# PDF to Markdown Sections
A Python script to convert a PDF into multiple structured Markdown files with image extraction.
## Description
This script uses **PyMuPDF** to:
1. Extract text and images from a PDF file
2. Convert text to Markdown format with automatic title detection
3. Split the Markdown into sections based on level 1 headings (`# Title`)
4. Save each section in a separate Markdown file
## Prerequisitesites
### Python
Python 3.6 or higher
### Python Dependencies
The script requires **PyMuPDF** to extract text and images from PDFs:
```bash
pip install pymupdf
```
## Installation
### 1. Clone the repository
```bash
git clone <repo-url>
cd mcpDerby
```
### 2. Create a virtual environment
```bash
python3 -m venv venv
```
### 3. Activate the virtual environment
**Linux/macOS**:
```bash
source venv/bin/activate
```
**Windows**:
```bash
venv\Scripts\activate
```
### 4. Install dependencies
```bash
pip install -r requirements.txt
```
Or directly:
```bash
pip install pymupdf
```
## Usage
### Basic syntax
```bash
python pdf_extractor_simple.py <file.pdf> <output_directory>
```
### Simple example
```bash
python pdf_extractor_simple.py my_document.pdf output
```
This command will create:
- `output/sections/` : containing Markdown files (00-introduction.md, 01-parametres.md, etc.)
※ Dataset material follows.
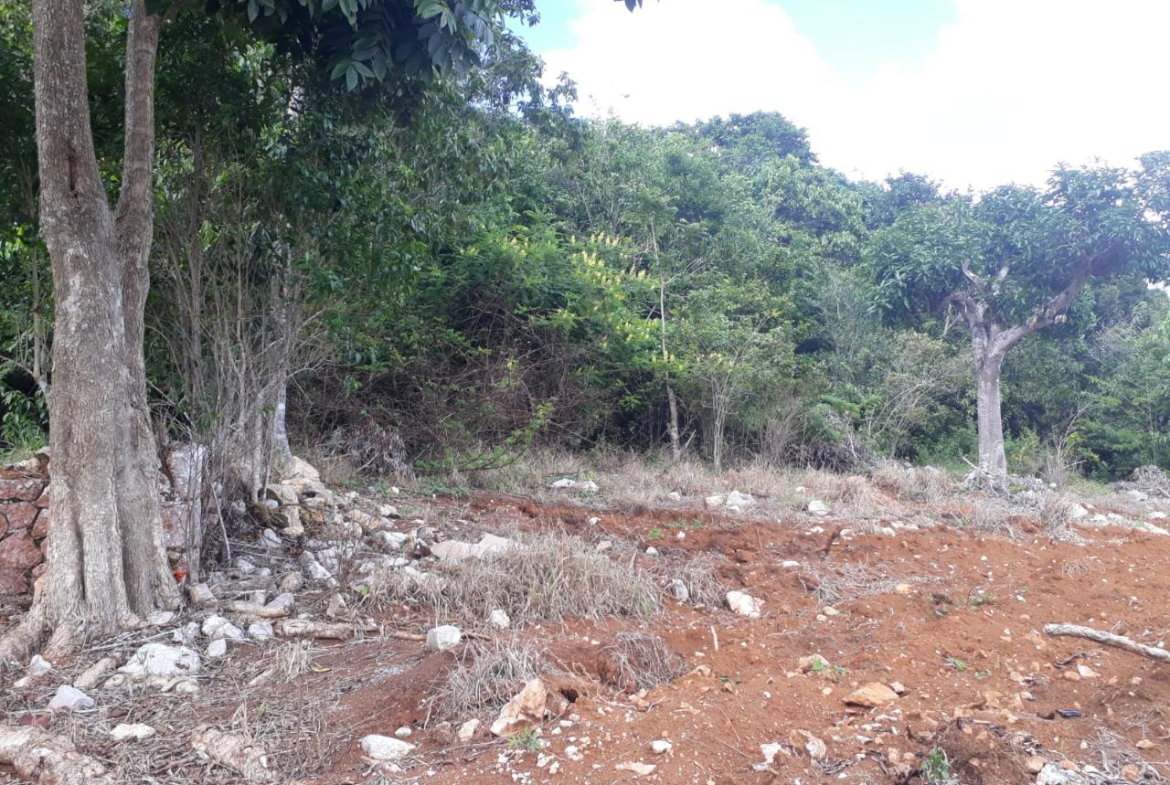 Eleventh image of Splitbergen, Chudleigh in Christiana, Manchester, Jamaica - property is For Sale
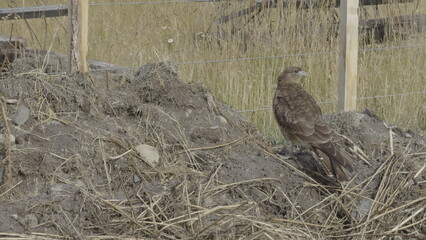 Majestic Eagle Taking Flight in the Wild After Hunting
- `output/images/` : containing extracted images
- `output/contenu-complet.md` : the complete Markdown before splitting
## Output structure
After execution, you will get:
```
output/
├── contenu-complet.md # Complete Markdown before splitting
├── images/ # Images extracted from PDF
│ ├── image_001.png
│ ├── image_002.png
│ └── ...
└── sections/ # Separate Markdown sections
├── 00-introduction.md
├── 01-parametres.md
├── 02-le-jeu.md
├── 03-score.md
├── 04-penalites.md
└── 05-arbitrage.md
```
Links to images in Markdown files automatically point to the `images/` folder.
## Deactivating the virtual environment
When you're done:
```bash
deactivate
```
## Troubleshooting
### Error "PyMuPDF is not installed"
Make sure you have activated your virtual environment and installed dependencies:
```bash
source venv/bin/activate # or venv\Scripts\activate on Windows
pip install pymupdf
```
### Error "PDF file not found"
Check the path to your PDF file. You can use absolute or relative paths.
### Images are not displayed
Verify that the `images/` folder is at the same level as the `sections/` folder in your output structure.
## License
This project is provided as is, without warranty.